A new study led by Rutgers University has revealed that persistent weather conditions, including wet and dry spells, have increased in the United States and may be a result of Arctic warming. Sustained weather conditions can lead to extremes such as prolonged cold, heat waves, drought, and storms that cost millions of dollars.

The investigation was focused on daily precipitation data at 17 weather stations across the United States. The team also examined large upper-level circulation patterns over North America and the eastern Pacific Ocean.

The researchers found that dry and wet spells lasting four or more days have occurred more frequently in recent decades. In addition, the frequency of persistent large-scale circulation patterns over North America increased when temperatures in the Arctic were unusually warm.

According to the researchers, the Arctic has been warming at least twice as fast as the global average temperature in recent decades. Study lead author Professor Jennifer Francis explained that the persistence of warm Arctic patterns has also increased, suggesting that long-duration weather conditions will occur more often as rapid Arctic warming continues.

“While we cannot say for sure that Arctic warming is the cause, we found that large-scale patterns with Arctic warming are becoming more frequent, and the frequency of long-duration weather conditions increases most for those patterns,” said Professor Francis.

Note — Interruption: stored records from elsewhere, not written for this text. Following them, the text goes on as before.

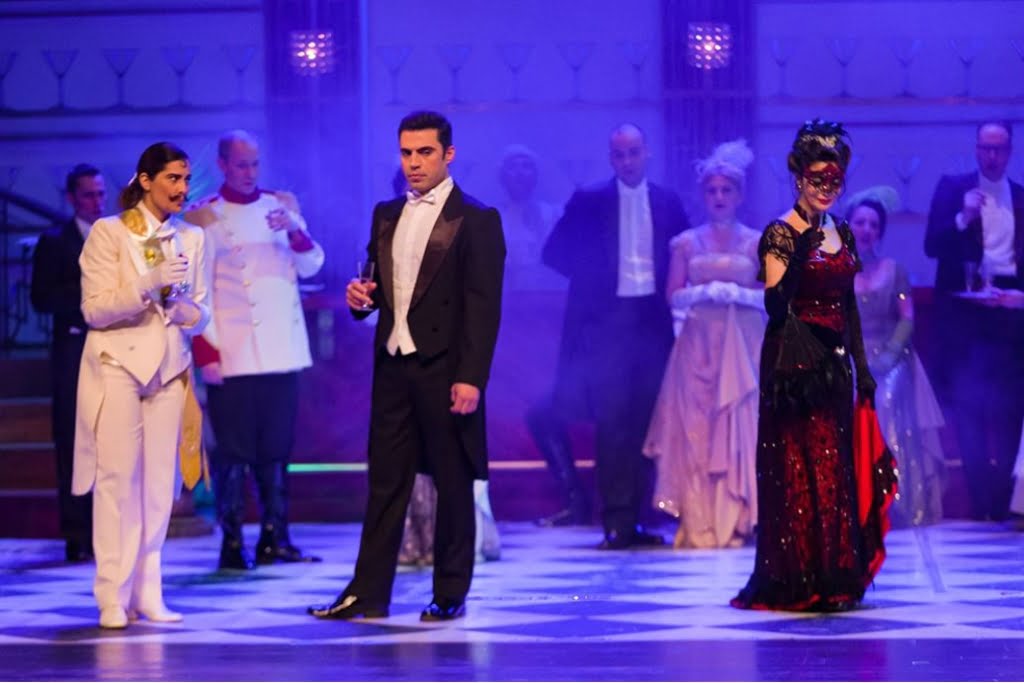 ‘Yarasa’ opereti ile eğlence yeniden başlıyor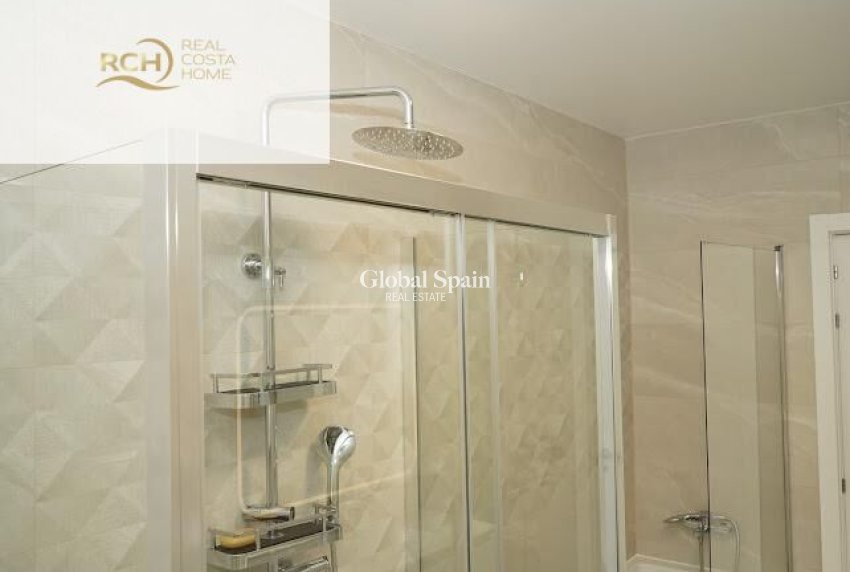 Resale - VILLA -
LA NUCÍA - Montebello - Nou Espai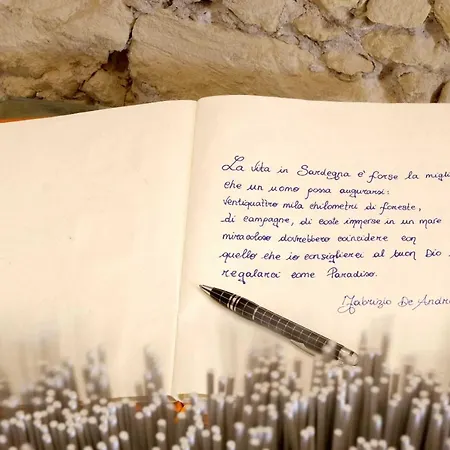 Spacious House In The Heart Of With Terrace Ferienhaus Cagliari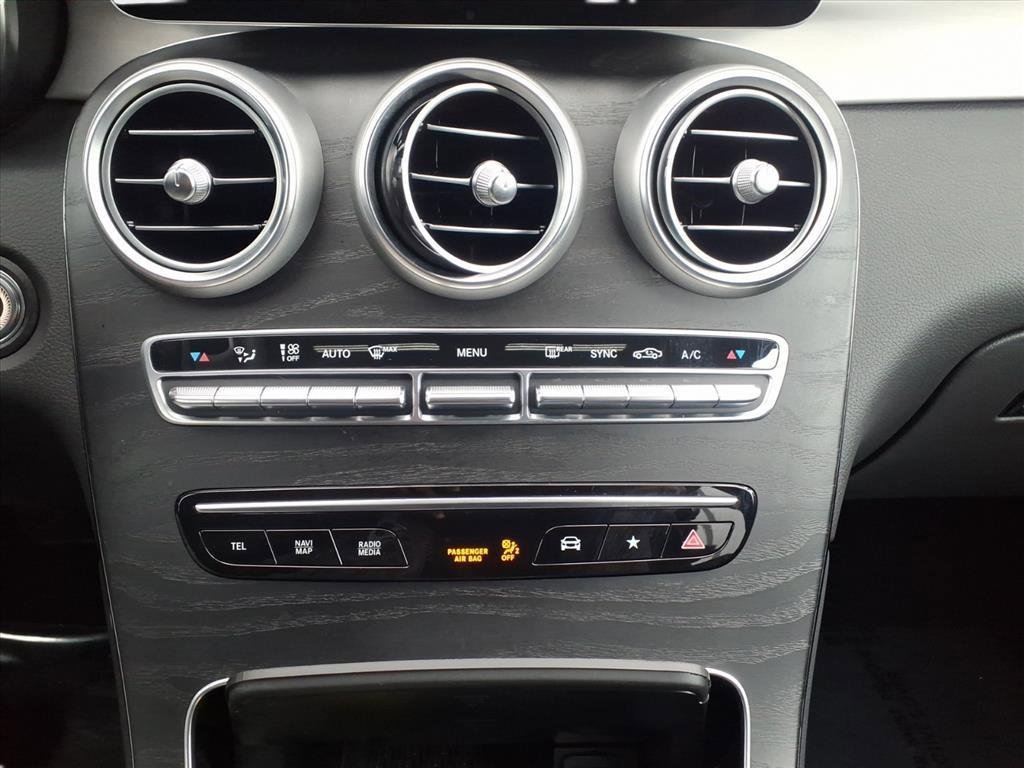 Used 2023 Mercedes-Benz GLC 300 4MATIC Coupe image 20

The team plans to expand its analysis to other regions of the Northern Hemisphere, and will develop new metrics to investigate causal connections. The researchers will also assess future risks from extreme weather events linked to persistent patterns. “When these conditions last a long time, they can become extreme events, as we’ve seen so often in recent years,” said Professor Francis.. “Knowing which types of events will occur more often in which regions and under what background conditions – such as certain ocean temperature patterns – will help decision-makers plan for the future in terms of infrastructure improvements, agricultural practices, emergency preparedness and managed retreat from hazardous areas.”

The study is published in the journal Geophysical Research Letters.